Main Street stores featured on national MSNBC TV show
Published 12:01 am Thursday, September 19, 2013
NATCHEZ — You get a little bit of everything when you come to Natchez.
A downtown shop owner that sells everything from clothes and jewelry to fudge and furniture and two new entrepreneurs specializing in home décor and gifts will be a few local faces that will be featured in a segment of MSNBC’s Sunday morning show “Your Business.”
The segment, producer Frank Silverstein said, will focus on the ability of Main Street shop owners in Natchez to diversify their businesses, allowing them to thrive while other businesses succumb to tough economic times.
Silverstein said initially the show’s crew was choosing towns on which to focus based on geography.
“Then our viewers got excited about the project and started sending in messages about places we should go,” he said. “Somebody wrote in and said, ‘You should go to Natchez.’”
Silverstein said the number of Main Street business owners that offer more than one service or a variety of products intrigued him.
For example, he said, Darby Short, who with her husband Dennis own Darby’s Everything Under the Sun and Darby’s Furniture, offers a wide variety of products, including clothing, jewelry, fudge and also offers furniture and interior design services.
Short said she was asked about what she has found works during her nearly 32 years on Main Street.
“It was basically what are the things that we have done that we feel like have helped us survive against Walmart or big box stores or big heavy discounters and what are some of the things that kept us going,” she said.
Short said she feels like putting customer service first, willingness to put in extra hours or go to people’s houses and staying ahead of the curve on trends has helped make her businesses successful.
Short said she hopes to inspire a business owner perhaps on the edge of going out of business or someone afraid to make the leap into small business ownership.
“Why not follow your dream?” she said.
Not giving up is also a key to keeping a small business alive.
“Don’t close your shop at 3 on a Saturday just because you haven’t had the kind of day you wanted,” she said.
Ashley McManus Smith and Amber Rayborn, owners of the recently opened A Gallerie, will also be featured on the “Your Business” segment.
Rayborn said she talked to producers about why she and Smith chose to open a shop on Main Street.
“Natchez needed to be revitalized, and we needed a new, fresh store in the area,” she said.
Rayborn said she could relate to people who may be hesitant to open their own business.
“Were we scared? Yes, we were scared. But we both love decorating, and we believed we could do it.”
A Gallerie offers a variety of products, from accent furniture to home décor and jewelry.
But Natchez business owners are not the only ones diversifying their assets, Silverstein said.
“I feel like it is echoed and reflected by the town itself,” he said. ‘The economic base is a combination of tourism … and the town has lost a lot of industry, which is typical to a lot of small towns, but they’ve managed to bring in some of the oil industry, so they’re looking to keep an industrial base of some sort.”
Silverstein said Natchez’s use of the Natchez Convention Center and the Natchez Grand Hotel, which also spurred the construction of several other hotels, brings a lot of people to town and helps support the downtown culture.

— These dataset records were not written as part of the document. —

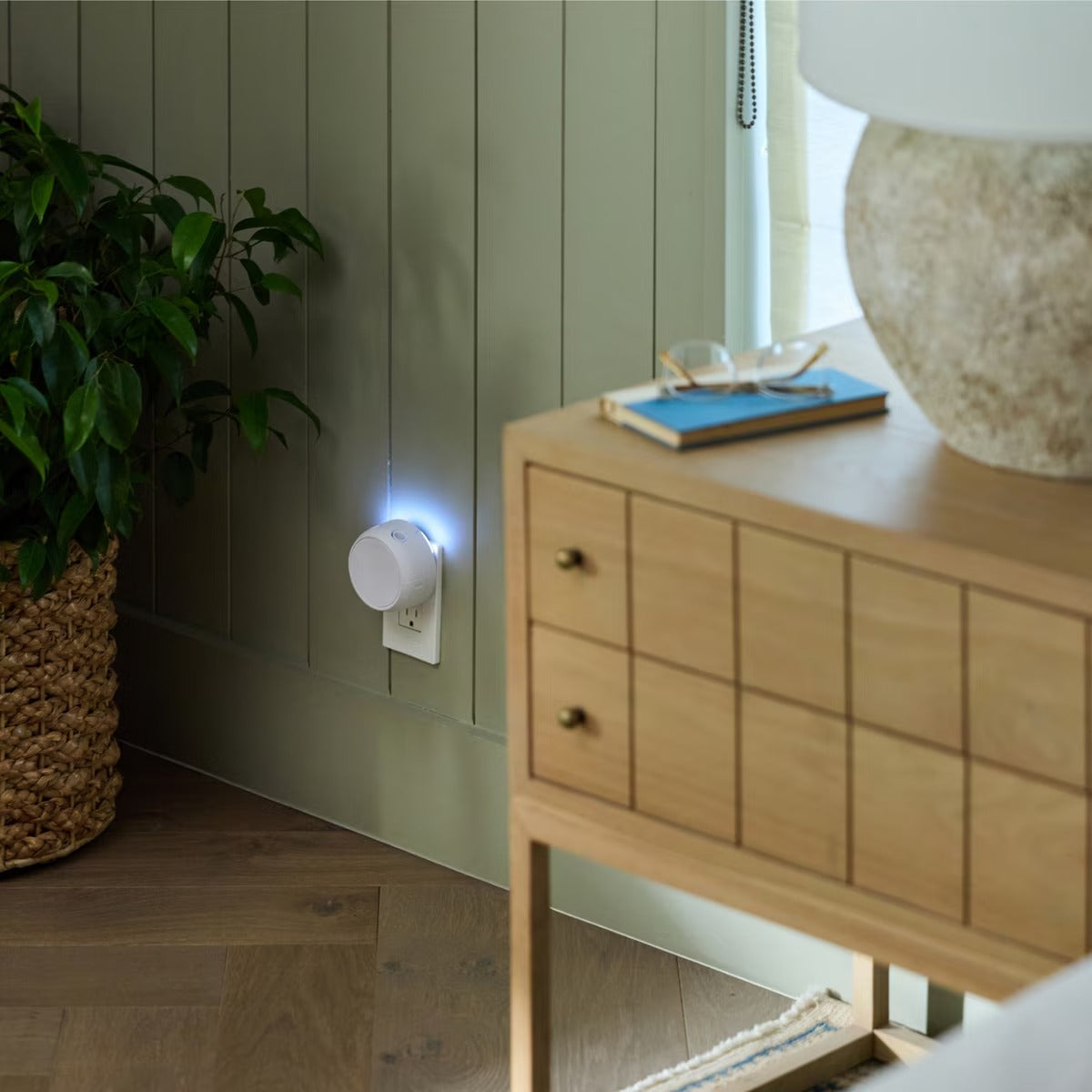 Pura Home™ Smart Home Fragrance Diffuser V5
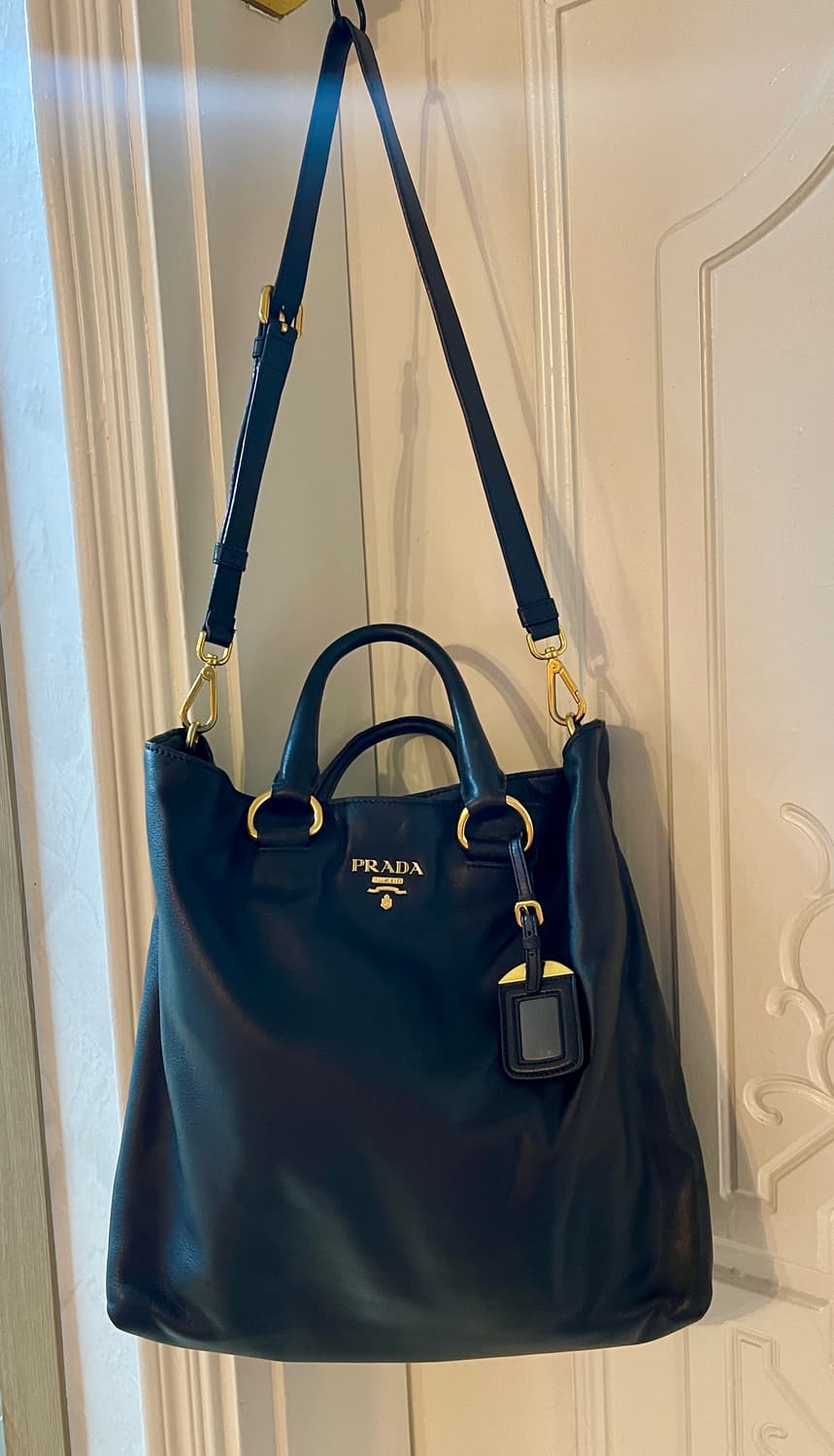 프라다 Prada BN1713 블랙 소프트 카프 금장 로고 투웨이 백 상품이미지10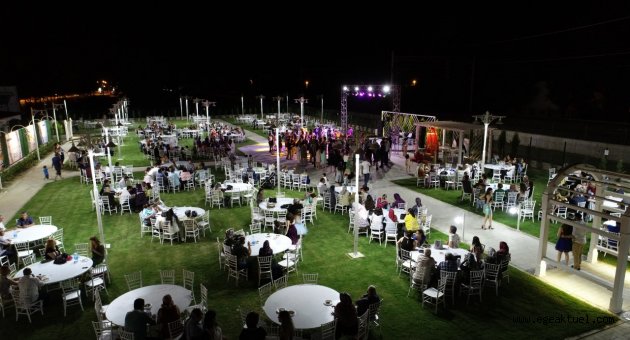 Yazlık düğün salonu açıldı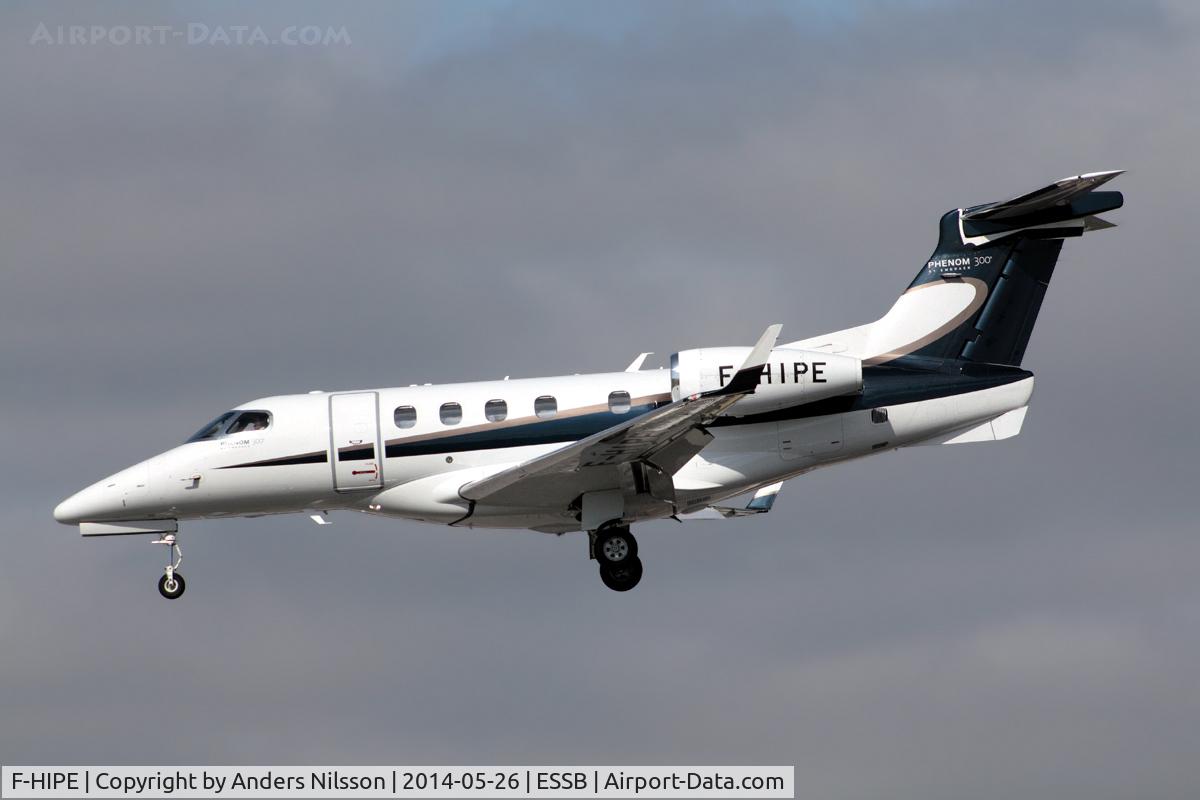 F-HIPE, 2010 Embraer EMB-505 Phenom 300 C/N 50500016, On short final for 30.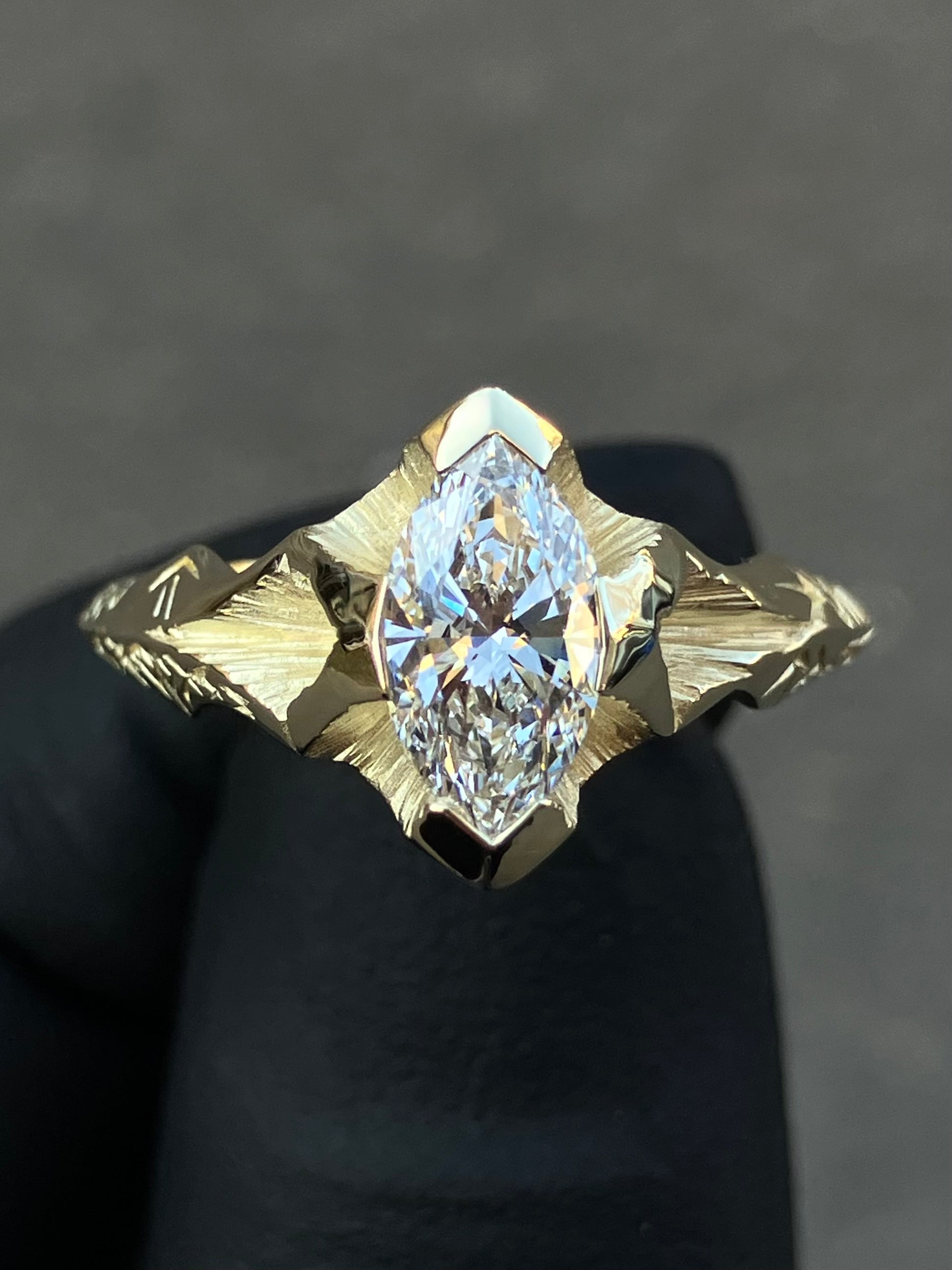 #122 prsten No Comment au585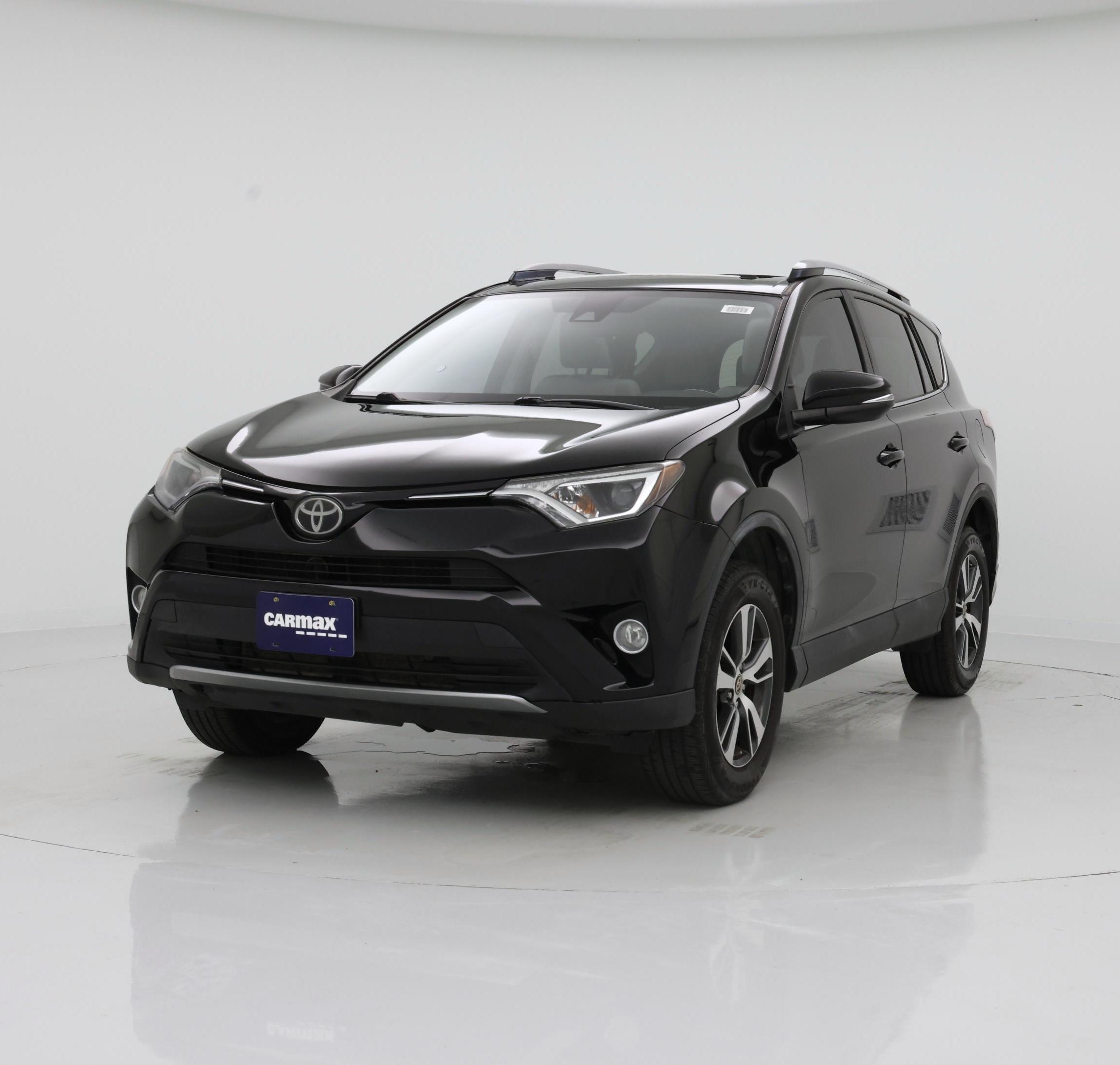 Thumbnail: 2018 Toyota RAV4 - 4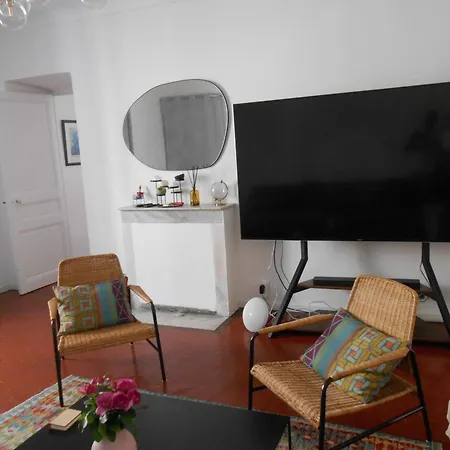 Exceptional Location Beaches Cours Saleya Apartment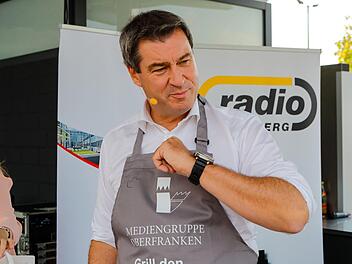 Hier steht Markus Söder am Grill bei der Mediengruppe Oberfranken in Bamberg. Matthias Hoch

“So I felt like the town itself was trying to diversify its economy, as well as the merchants,” he said.
The show will also feature Kimbrell’s Office Supply, M. Schon Gallery and One Of A Kind Gifts.
“Your Business” is a half-hour show that focuses on entrepreneurship and small businesses. It seeks to provide viewers with useful tips and “news you can use” to successfully own your own business. The show also profiles small business owners and showcases their experiences in an effort to show best practices and useful things that might apply to other businesses, Silverstein said.
Silverstein said Natchez’s segment does not yet have an air date, but he said it will likely air in about six weeks.
JJ Ramberg, who is a small business owner herself, hosts the show.
Silverstein said he has been overwhelmed by Natchez’s Southern hospitality.
“The people in this town are unbelievably friendly,” he said. “I’m a Northern guy from New York City, and I’m used to people in New York being extremely friendly and extremely outgoing to me, which is not the stereotype, but it’s the reality. But everybody that I met here went out of their way to introduce me to this town and show me around. The hospitality in Natchez is astounding.”